DELIGNY, Fernand. O aracniano e outros textos. Tradução Lara de Malimpesa. São Paulo: 1 edições, 2015. Resenha de: MATOS, Sônia Regina de Luz. Revista Entreideias, Salvador, v. 5, n. 2, p. 97-102, jul./dez. 2016.

Inicialmente antes de escrever a resenha do livro O aracniano e outros textos (2015) é preciso descrever algumas linhas biográficas do autor, o educador francês Fernand Deligny (1913-1996). Desde já, cabe destacar que este livro é o primeiro e único livro do autor traduzido em língua portuguesa, pois ele ainda é pouco estudado no Brasil no campo da educação. O pensamento deste pedagogo é inclassificável, ele cruza os campos da filosofia, da educação, da arte e da literatura. Sua prática pedagógica contorna um processo de escritura que acontece continuamente durante as investigações e as experiências na área da educação junto aos autistas. Logo, a leitura deste livro nos convoca ao deslocamento de leitura, não tão somente em relação aos procedimentos de escrita que o pedagogo apresenta junto a arte literária, mas também, ao acesso a outra potência de agir em educação, ainda marginalizada dos espaços da pedagogia.

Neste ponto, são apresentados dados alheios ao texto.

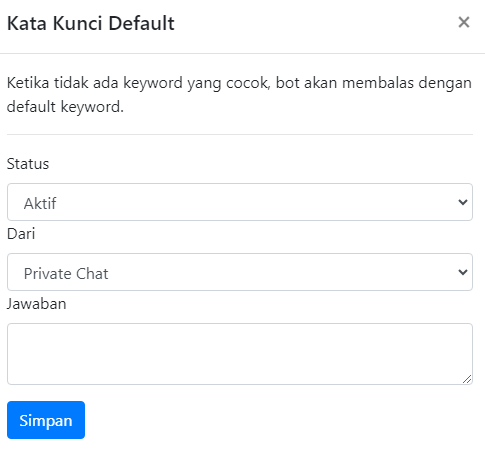 Form keyword default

Então, conforme anunciado, aponto algumas linhas da biografia do professor Deligny, que desde 1927, trabalhou junto às crianças e aos adolescentes que eram classificados como inadaptados socialmente ou considerados “à parte da sociedade” (DELIGNY, 2015). Encontramos registros inéditos sobre sua experiência como educador no hôpital psychiatrique à Armentières. Esse trabalho aconteceu durante a Segunda Guerra Mundial e desdobrou-se em outras experiências pedagógicas. Uma delas foi junto a clínica La Borde com o grupo de estudos do psiquiatra Félix Guattari. A partir de 1967, ele se instala na região de Cèvennes, construindo coletivamente uma rede de espaços de acolhimento e de investigação, que ele denominou de “rede aracniano” (DELIGNY, 2015).

As atividades educativas desta rede são influenciadas pela experiência de ensaísta, de poeta, de escritor e de cineasta. Deligny escreve e publica, constantemente, seus pensamentos pedagógico e investe nos conceitos das áreas de etologia e de antropologia.

Sendo assim, elabora um procedimento cartográfico a partir de traços, de linhas e de mapas que constituem os percursos dos movimentos do cotidiano dos autistas. A investigação cartográfica sobre a “experiência autística” (DELIGNY, 2015) deste educador é reconhecida como uma prática pedagógica inédita. Prática citada nos livros e entrevistas do filósofo Gilles Deleuze (1925-1995) e do psicanalista Félix Guattari (1930-1992). Nesse sentido, cabe destacar que estes dois pensadores franceses, expressam a ideia de que Deligny assumiu profissionalmente uma vertente de atuação educativa próxima da psicanálise institucional, que percebem o autismo como uma produção singular de existência.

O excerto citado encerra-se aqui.